Quant à ce qui a été dit à Avignon par le chancelier Kohl et le président Chirac, cela concerne l'idée que dans la définition des institutions européennes futures. Il faut avoir bien en tête le principe de subsidiarité dans la mesure où il ne faut pas tout faire faire par les institutions européennes. Il faut garder la possibilité de faire prendre des décisions concrètement le plus près possible des gens. C'est une idée générale mais, ce n'est pas une réponse technique ni une négociation juridique, cela donne un état d'esprit.

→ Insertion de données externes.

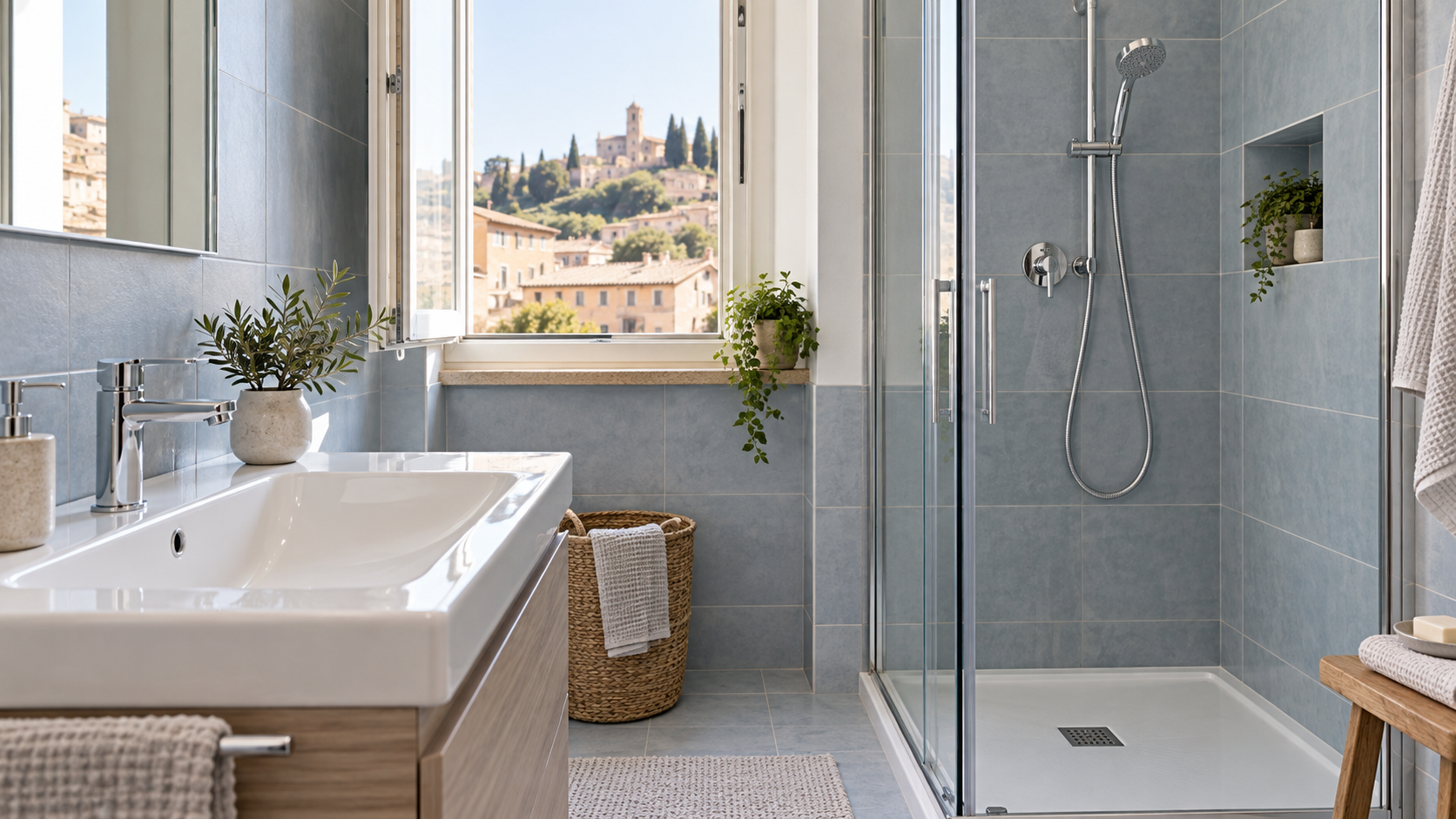 Lavabo e doccia nello stesso bagno, con rubinetteria cromata e superfici chiare
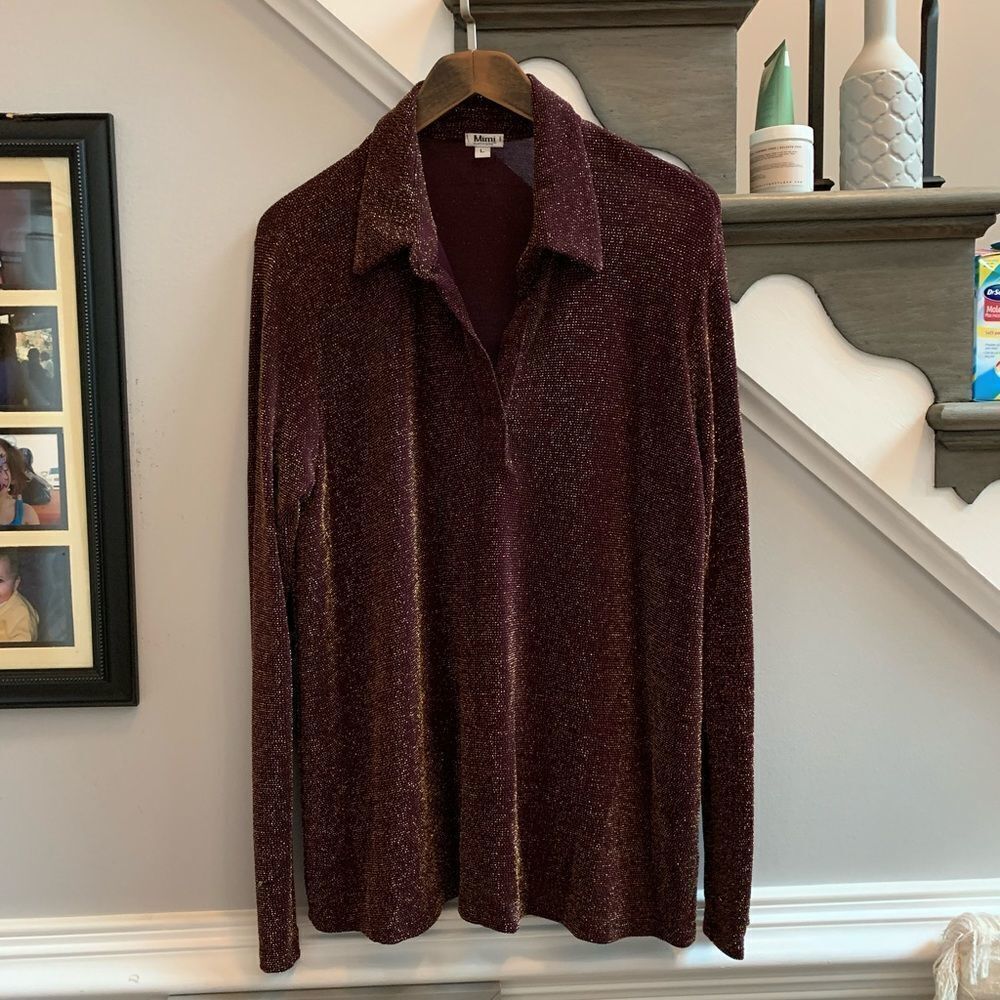 Mimi Maternity Vintage Burgundy Sparkle stop sz L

Question : Le président Chirac a quand même fait comprendre qu'il faudrait procéder rapidement vers la réforme maintenant. A Amsterdam cela a déjà échoué, avez-vous plus d'espoir maintenant ?
 
Réponse : Oui, encore une fois sur le calendrier, l'idée française c'est qu'il faut se mettre d'accord avant la concrétisation du prochain élargissement. Donc, nous avons un certain temps. Un temps que l'on ne connaît pas, mais nous avons le temps de discuter, de réfléchir. A Amsterdam, malheureusement, nous avons abouti à des conclusions qui nous semblent insuffisantes. Elles ne sont pas négligeables, il y a deux ou trois choses très utiles comme les coopérations renforcées. Néanmoins, cela ne suffit pas à assurer le bon fonctionnement de l'Union européenne pour l'avenir. Il faut donc, reprendre le sujet. Ce n'est pas parce que nous n'avons pas conclu à Amsterdam qu'il faut abandonner le sujet. Il est souvent arrivé en Europe que l'on ne puisse pas traiter un problème, et bien on continue à en parler jusqu'à ce que l'on ait trouvé une solution.

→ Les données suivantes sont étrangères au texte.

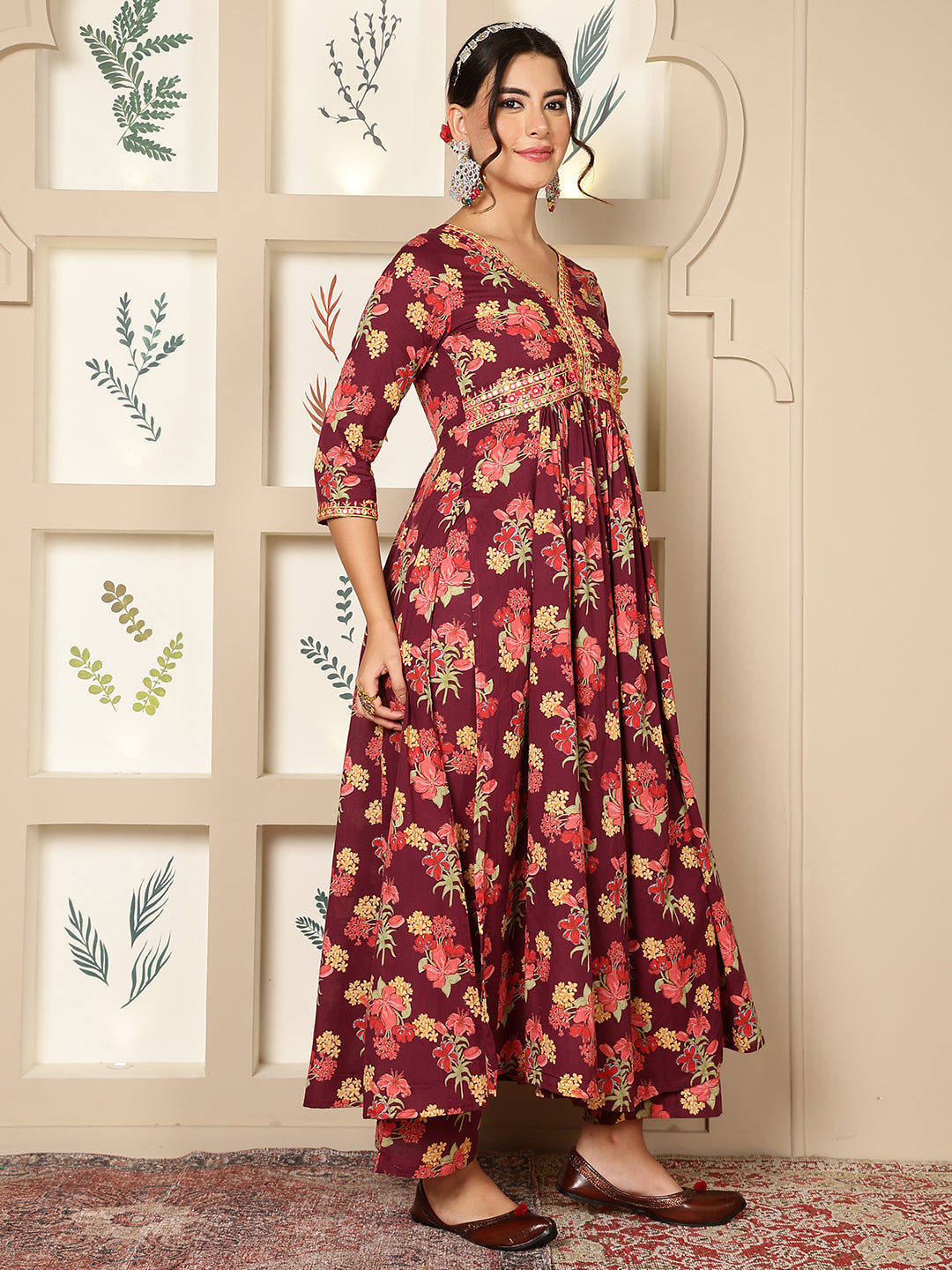 Rayon Calf Length Printed Flared 3/4 Sleeves V-Neck Kurta Bottom Set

Question : Ensuite sur la question du Conseil de l'euro, qu'est-ce que vous souhaitez exactement du fonctionnement de ce Conseil de l'euro ? Est-ce que c'est seulement un forum de discussion ? Quelles compétences devrait-il avoir, à votre avis ?

Réponse : Et bien, il y a deux réponses. D'abord à Luxembourg, il y a un arbitrage sur ce point, on a déterminé quels étaient les pays qui avaient vocation à être dans le Conseil de l'euro, quels étaient les sujets sur lesquels les ministres des pays participants à l'euro travailleraient ensemble et quels étaient les autres sujets sur lesquels les ministres du conseil Ecofin  continuent à travailler. Nous avons donc déjà répondu de façon théorique, sur ce point.

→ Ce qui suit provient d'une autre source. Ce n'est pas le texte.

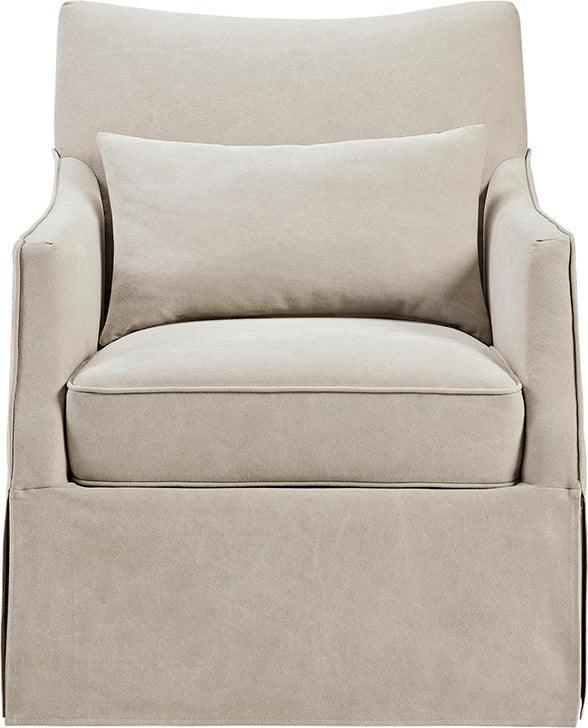 Olliix.com Accent Chairs - London Skirted Swivel Chair Beige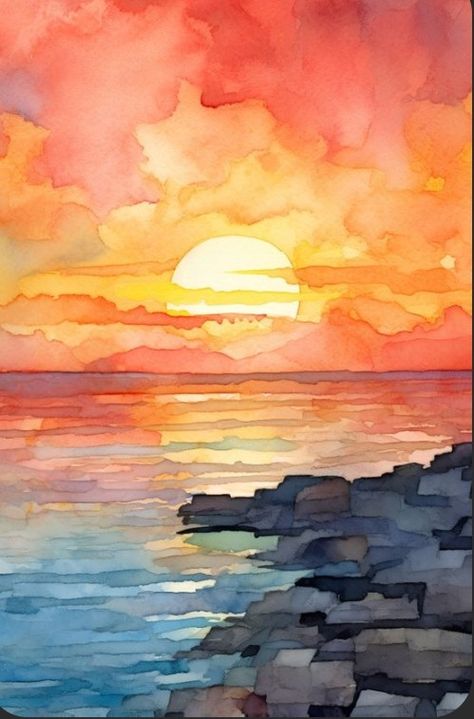 Watercolor Sunset Paintings, Watercolor Sunsets For Beginners, Pejzazi Art, Sunset Drawing Easy Watercolor, Unique Watercolor Paintings Ideas, Easy Beach Painting For Beginners, Sunset Watercolor Painting Easy, Ocean Sunset Watercolor Painting Easy, Sunsets Watercolor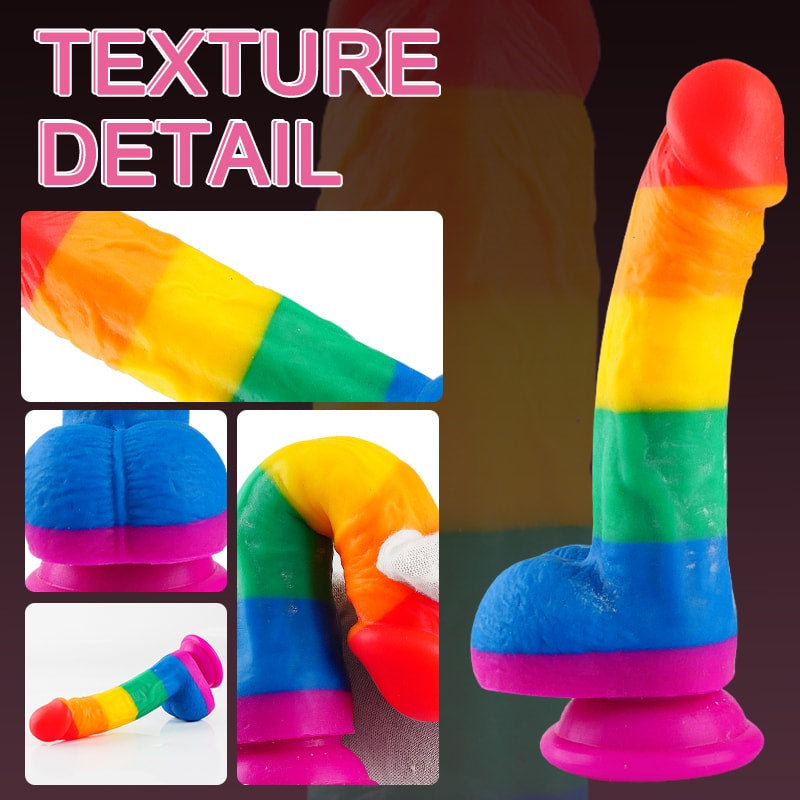 Onur Bayrağı Renkli Ultra Yumuşak Doku Silikon Gerçekçi Yapay Penis Realistik Dildo 19x4 CM
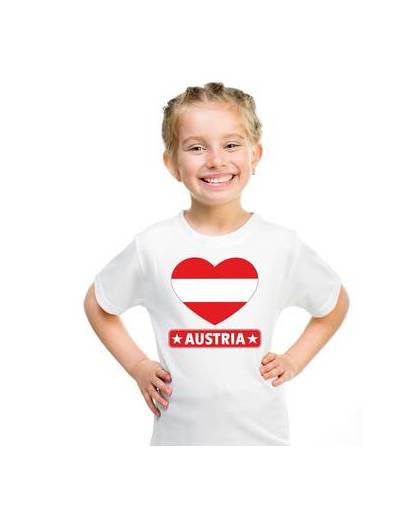 Oostenrijk kinder t-shirt met oostenrijkse vlag in hart wit jongens en meisjes xs (110-116)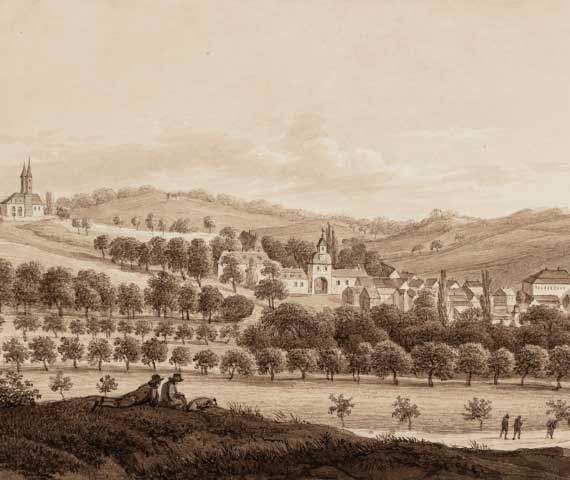 Gangloffsömmern Estate, c. 1800 (Staatliche Kunstsammlungen Dresden, Kupferstich-Kabinett („Dresden State Art Collections, Kupferstich-Kabinett“)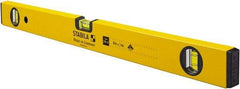 Stabila - 24" Long 3 Vial Box Beam Level - Aluminum, Yellow, 2 Plumb & 1 Level Vials - Eagle Tool & Supply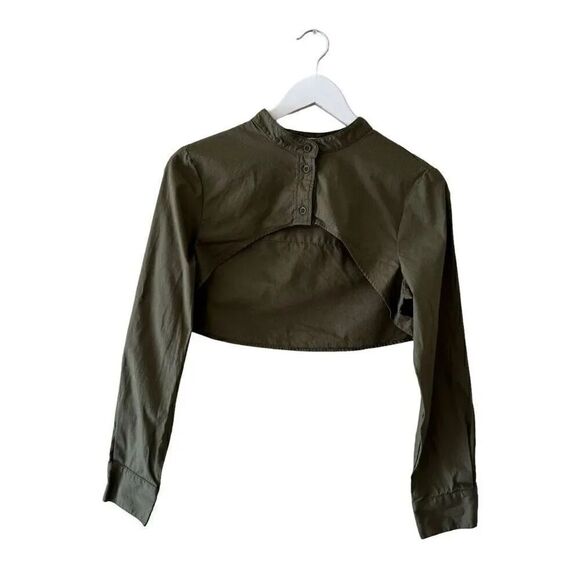 VETTA Tops - Vetta Olive Green Long Sleeves Button Down Cropped Top SZ S  #1971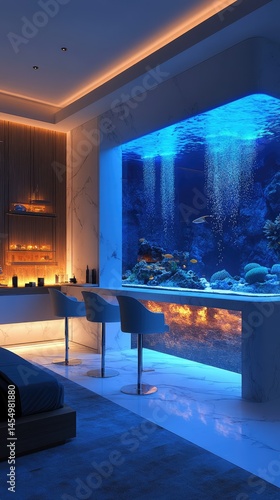 Luxurious bedroom with aquarium bar.  Modern, stylish, and sophisticated design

Pour le reste, c'est la réalité qui commandera. C'est-à-dire que les ministres des pays participants à l'euro auront des problèmes à traiter ensemble, et qu'ils les traiteront ensembles dans le Conseil de l'euro. Aujourd'hui, on ne peut donc pas répondre à votre question de façon théorique, a priori. Dans six mois, dans un an, je crois que l'on verra très bien à quoi sert le Conseil de l'euro. Cela s'imposera.